* **DATA**:

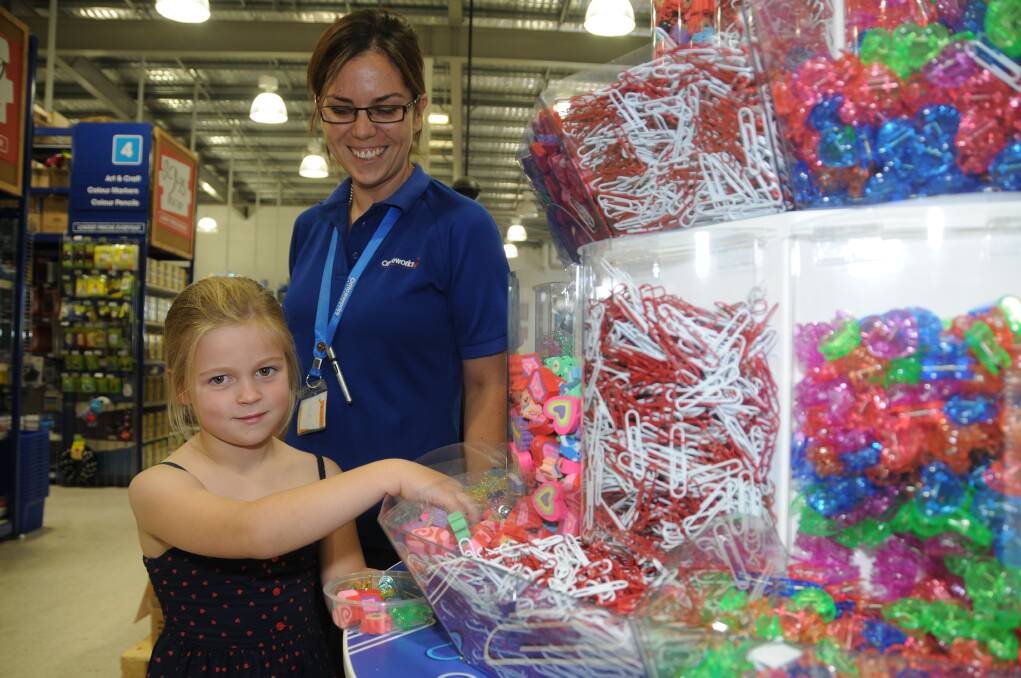 Officeworks manager Naomi Hartley assists Emma Daley during her school shopping. 	Photo: AMY McINTYRE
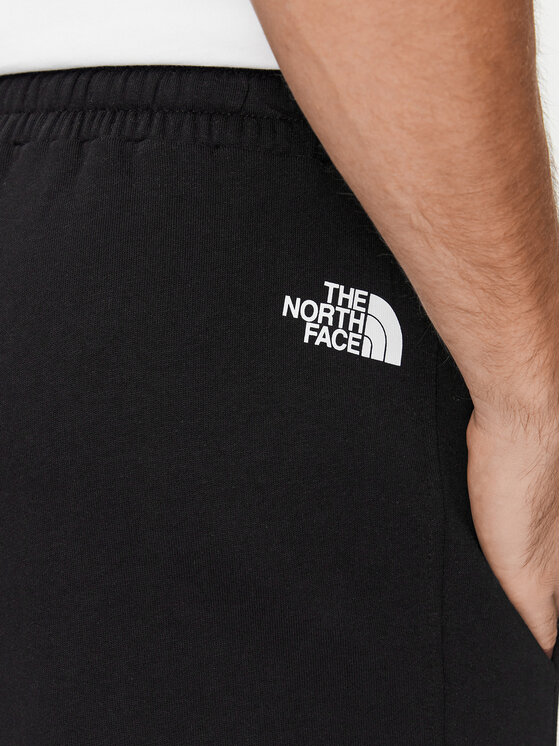 The North Face The North Face Spodnji del trenirke Standard NF0A4M7L Črna Regular Fit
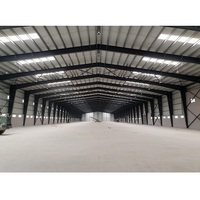 Bâtiment modulaire préfabriqué léger en structure d'acier, kit d'entrepôt, d'usine logistique, de grange, d'atelier ou de hangar à ossature métallique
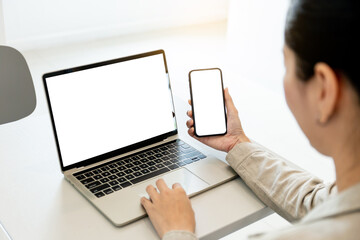 computer screen,cell phone blank mockup.hand woman work using laptop texting mobile.white...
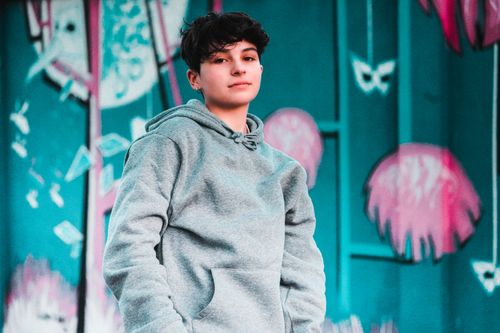 Free From below of charming male teenager in trendy apparel looking at camera near metal wall with graffiti Stock Photo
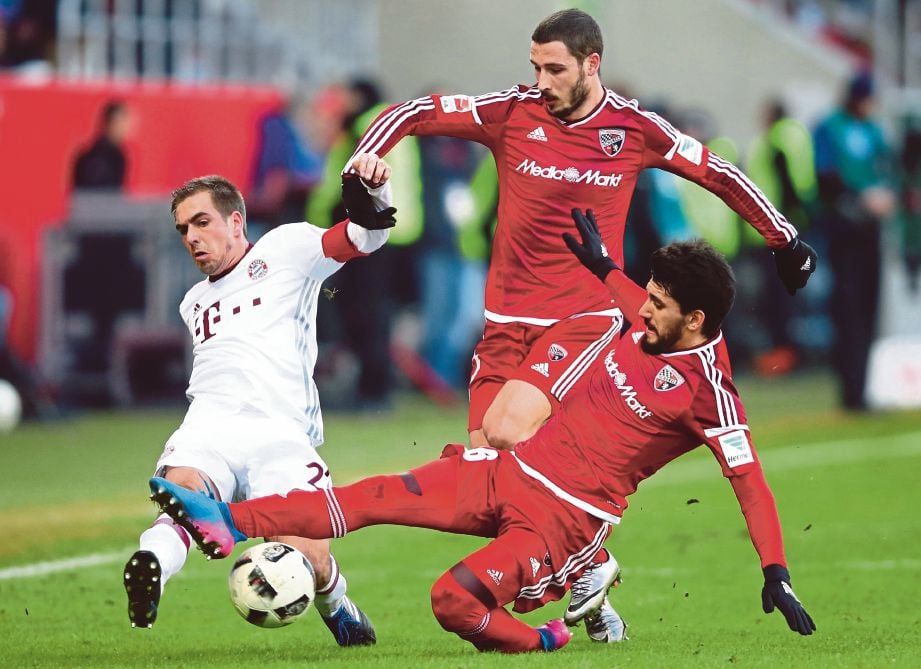 PEMAIN Bayern, Philipp Lahm (kiri) diasak dua pemain  Ingolstadt. 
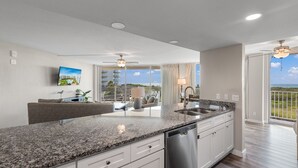 A modern kitchen with granite countertops, stainless steel appliances, and a large window overlooking a balcony. - Sandcastle Condominium Unit 137 (Port Aransas)
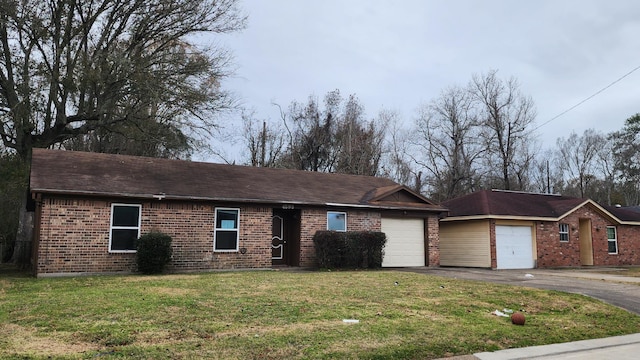 ranch-style house with a garage and a front lawn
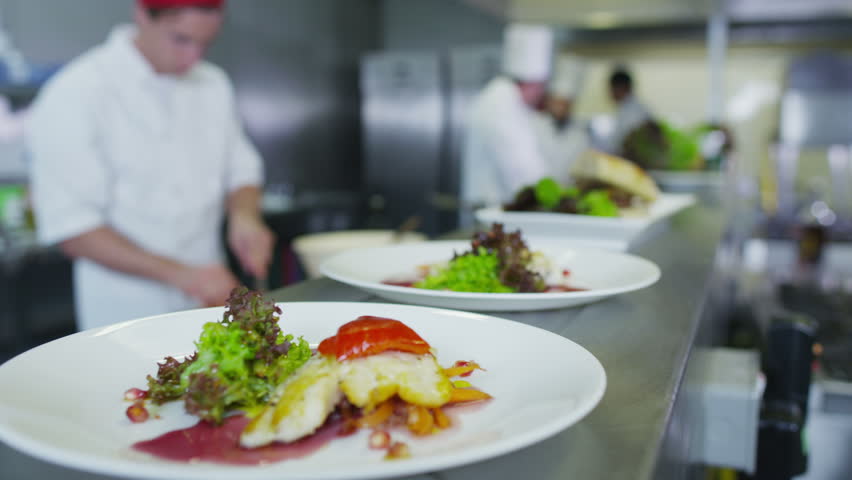 professional chefs arranging their schedule in a restaurant or professional chefs arranging their schedule in a restaurant or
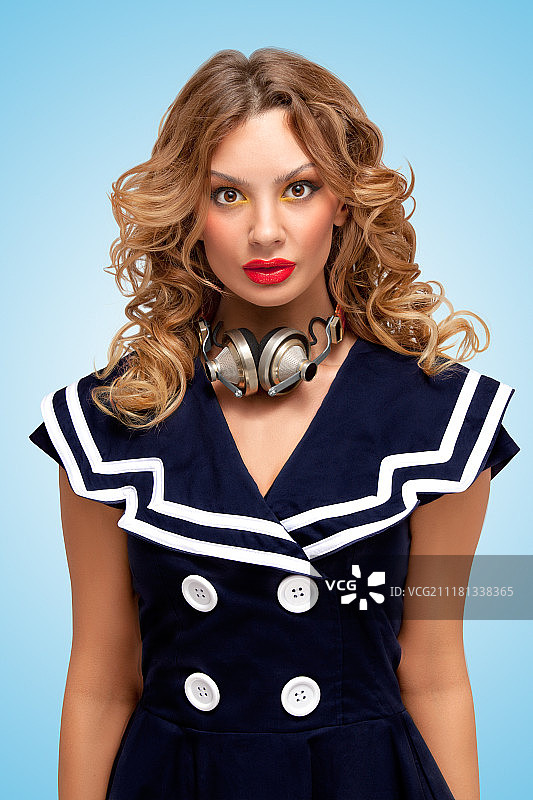 复古照片：时尚水手女郎戴复古金属耳机，蓝色背景图片素材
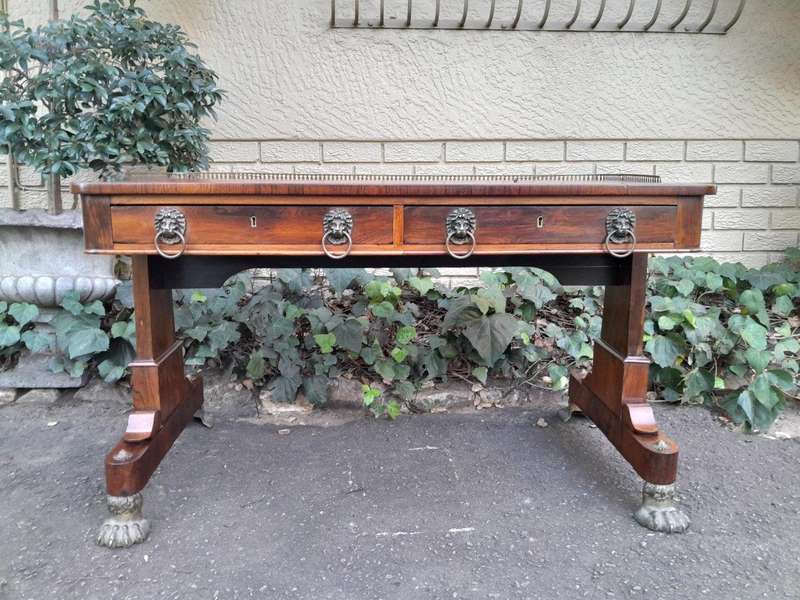 A 19th Century William IV Rosewood Desk with Gilt Tooled Leather and Gilt Metal Gallery Top on Br...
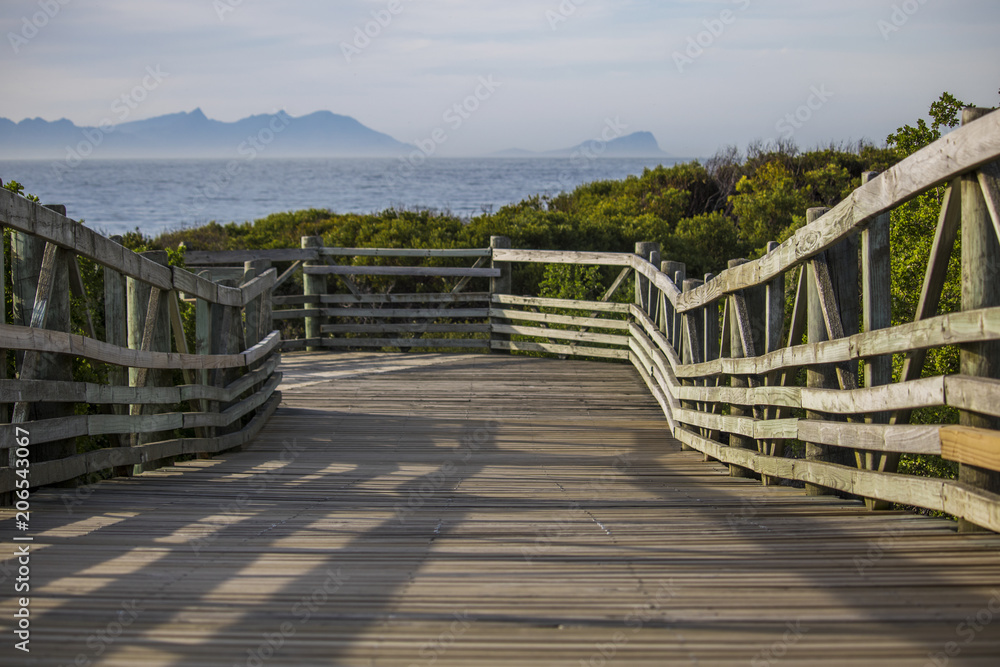 Wooden walkway at Sunrise on Boulders Beach, Simonstown, Cape Town, South Africa. Wooden walkway at Sunrise on Boulders Beach, Simonstown, Cape Town, South Africa.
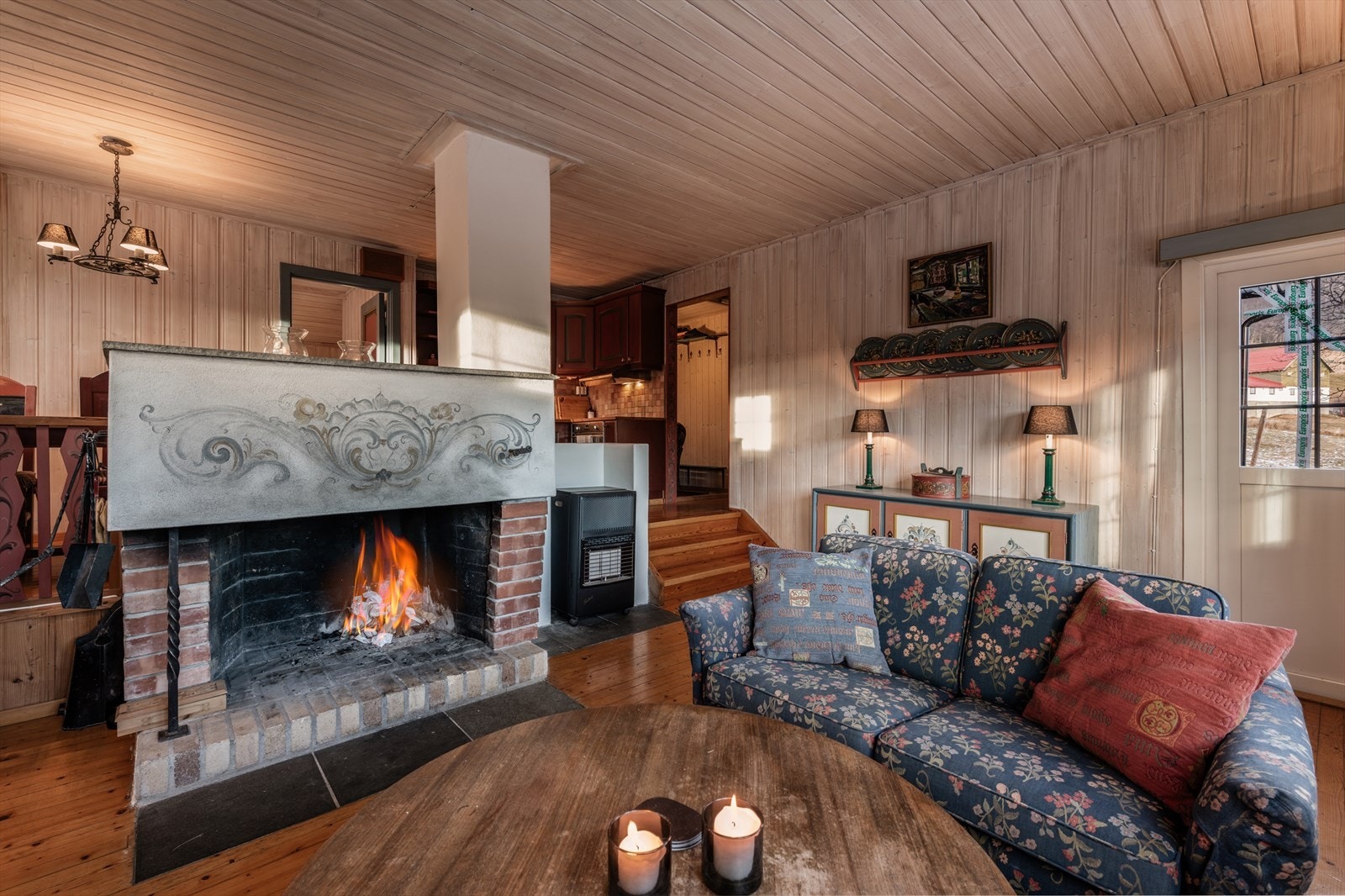 Hyggelig stue med åpen løsning mot kjøkken og spisebord. Peis med åpen grue. Galleribilde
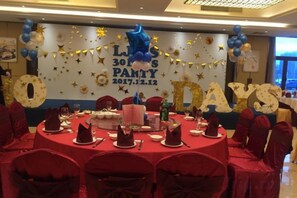 A round table set for a party with a banner in the background. - Jinkai Shengyucheng Hotel Sihui (Sihui)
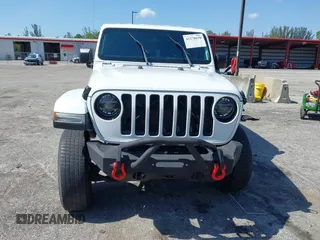 2020 Jeep Wrangler Unlimited Sahara с VIN 1C4HJXEN1LW104950, выставлен на аукционе IAAI как лот 42278650 с пробегом 40 638 миль миль и . История ставок и продаж доступна на DreamBid. Изображение 13.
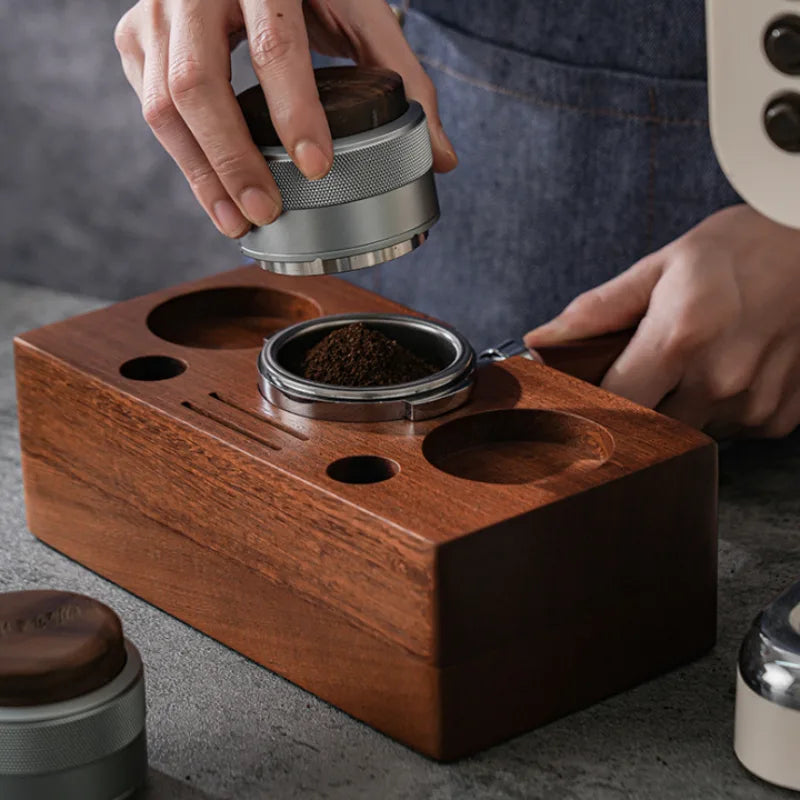 Culturbo silver 2-in-1 walnut wood espresso distributor and calibrated tamper being used by a barista.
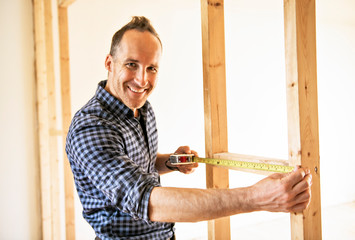 A man worker in the carpenter workroom renovation using tape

* **PROMPT**:
Exactly the lines starting at the one above with "restaurant or professional" and ending at the one with "A round table" should be printed, and nothing else. Omit the pictures.

* **OUTPUT FOR THIS TASK**:
 professional chefs arranging their schedule in a restaurant or professional chefs arranging their schedule in a restaurant or
 复古照片：时尚水手女郎戴复古金属耳机，蓝色背景图片素材
 A 19th Century William IV Rosewood Desk with Gilt Tooled Leather and Gilt Metal Gallery Top on Br...
 Wooden walkway at Sunrise on Boulders Beach, Simonstown, Cape Town, South Africa. Wooden walkway at Sunrise on Boulders Beach, Simonstown, Cape Town, South Africa.
 Hyggelig stue med åpen løsning mot kjøkken og spisebord. Peis med åpen grue. Galleribilde
 A round table set for a party with a banner in the background. - Jinkai Shengyucheng Hotel Sihui (Sihui)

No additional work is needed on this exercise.